Predictions on the held‑out test set produce R² (explained variance) and RMSE (prediction error), quantifying how well the model generalises to new students.
# Block 4: Feature selection
selected_features = stepwise_selection(X_train, y_train)
# Fit the final OLS model
X_train_sel = sm.add_constant(X_train[selected_features])
model = sm.OLS(y_train, X_train_sel).fit()
print(model.summary())
# Predict on test set
X_test_sel = sm.add_constant(X_test[selected_features])
y_pred = model.predict(X_test_sel)
# Compute performance metrics
print("Test R²:", r2_score(y_test, y_pred))
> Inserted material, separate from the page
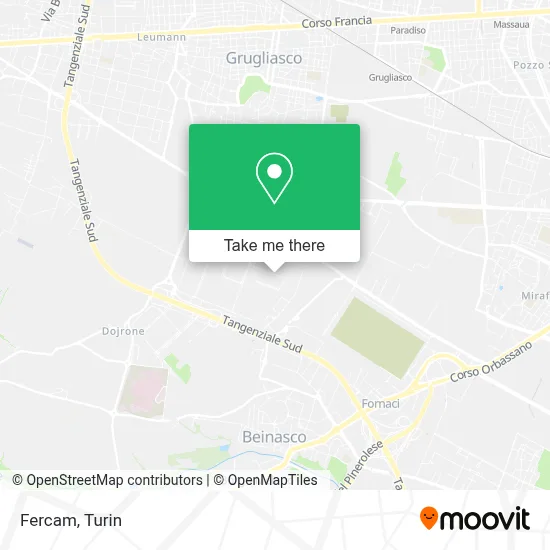Fercam map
print("Test RMSE:", np.sqrt(mean_squared_error(y_test, y_pred)))
Residual Diagnostics
Plotting residuals versus predicted costs checks for non‑random patterns, heteroscedasticity, or outliers—validating core OLS assumptions.
# Block 5: Plot residuals to check assumptions
residuals = y_test - y_pred
plt.scatter(y_pred, residuals)
plt.axhline(0, linestyle="--")
plt.xlabel("Predicted Retention Cost (USD)")
plt.ylabel("Residuals")
plt.title("Residuals vs. Predicted Retention Cost")
plt.show()
Summary
By applying stepwise regression to student retention data, we isolate the most impactful factors—such as GPA, engagement score, and financial aid status—that drive per‑student retention cost. The resulting linear model offers high interpretability and strong predictive performance (e.g., test‑set R² and low RMSE), enabling university administrators to forecast retention budgets accurately and target interventions where they’ll deliver the most significant ROI.